Although Ellison claimed, at various times, to have the authority
to assign overtime and write evaluations of Jones' job
performance, and Jones believed these claims at the time they
were made, Jones later learned that he did not have the authority
to do either of these things. See Pl.'s Opp, Stmt of Material
Facts, at 3 ¶ 10, 5 ¶ 20; Pl.'s Opp. Ex. A (Jones Dep.), at
50-51; Pl.'s Opp., Ex. B (Jones Decl.), at ¶ 3. In official
terms, it appears that Ellison was not a supervisor at all but
merely a more senior officer in the "zone" to which Jones was
assigned. See Def.'s Mot. for Summ. J., Ex. H (Letter from
Adrienne Poteat, D.C. Department of Corrections Deputy Director
for Institutions, to Margaret Moore, Director, D.C. Department of
Correction, June 22, 1998) ("[It] is my recommendation . . . that
Sergeant Ellison receive training regarding interpersonal
relationships and effective communication rather than supervisory
training since he is not a supervisor.") (emphasis added).

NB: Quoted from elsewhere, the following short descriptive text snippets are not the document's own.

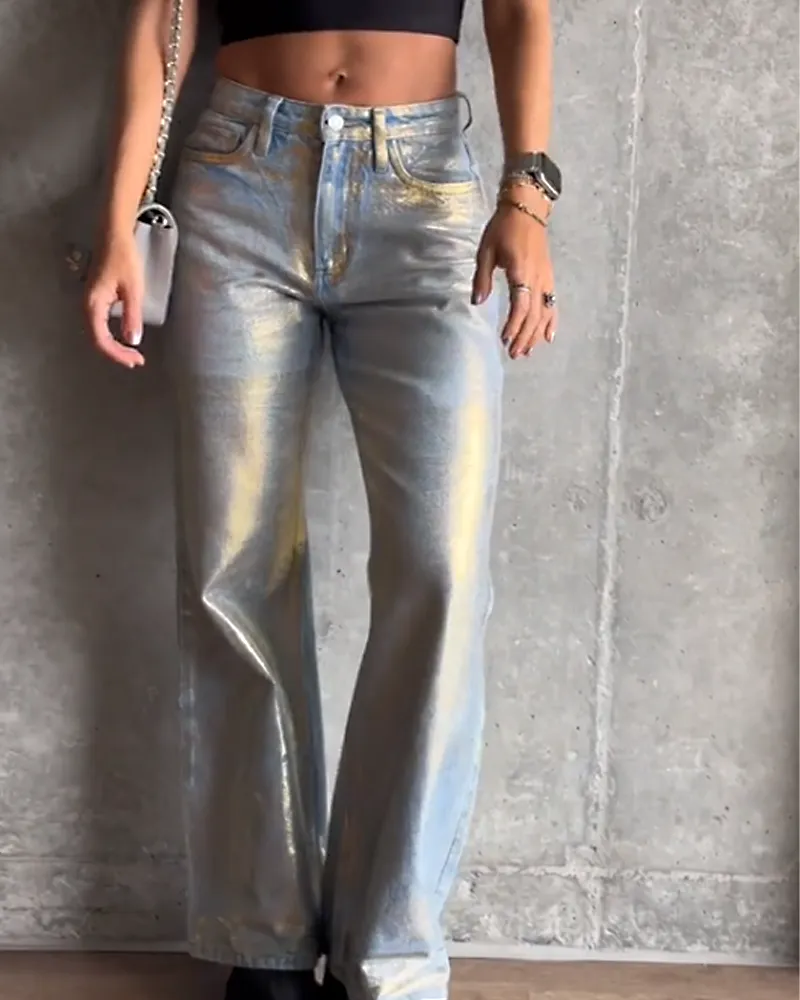 Brush Silver Metal Baggy Jeans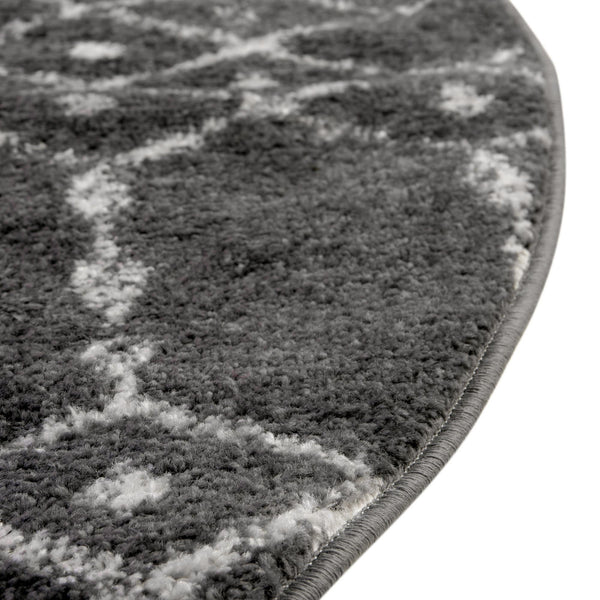 Marrakesh Lattice Collection Area Rug - Casablanca (Charcoal Gray) Round Charcoal Gray  lifestyle 65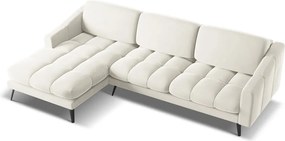 Krémszínű bársony sarokkanapé (bal oldali) Nalu – Makamii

During the first two weeks of Jones' employment at Lorton,
Ellison told Jones and one officer Cole "that if they wanted
overtime, they needed to give him their telephone numbers." Pl.'s
Opp. to Def.'s Mot. for Summ. J. at 5 ("Pl.'s Opp."). In
addition, at times not specified, but presumably early in the period of Jones' employment at Lorton,
Ellison commented on his "sexual prowess, stating `I am the
man.'" Pl.'s Opp. at 5. "On two or three occasions, [Ellison]
told [Jones] that he had dreams of having sex with her," and each
time would "ask [Jones] whether she was trying to make his `dream
come true.'" Id.
At other unspecified times, Ellison "made statements to Ms.
Jones' co-workers that he was attracted to her and would like to
have sex with her;" Pl.'s Opp., Stmt. of Material Facts, at 3 ¶
14; made "remarks of a sexual nature to [Jones]," commented on
"the size of [Jones'] breasts and the size of her bra," and asked
"what color were [Jones'] bra and underwear and what `print'
there was on her underwear." Pl.'s Opp., Stmt. of Material Facts,
at 5 ¶ 21. Additionally, Jones learned that, again at various
unspecified times during Jones' employment at Lorton, Ellison had
entered into a wager with other male corrections officers
concerning which of them would "score with [Jones] first," Pl.'s
Opp., Stmt. of Material Facts, at 3 ¶ 13, and that Ellison told
several inmates that Jones was a homosexual "because she would
not have sex with [Ellison]," id. at 5 ¶ 23. Ellison would "on
occasion, rub his crotch when he was alone with Ms. Jones." Id.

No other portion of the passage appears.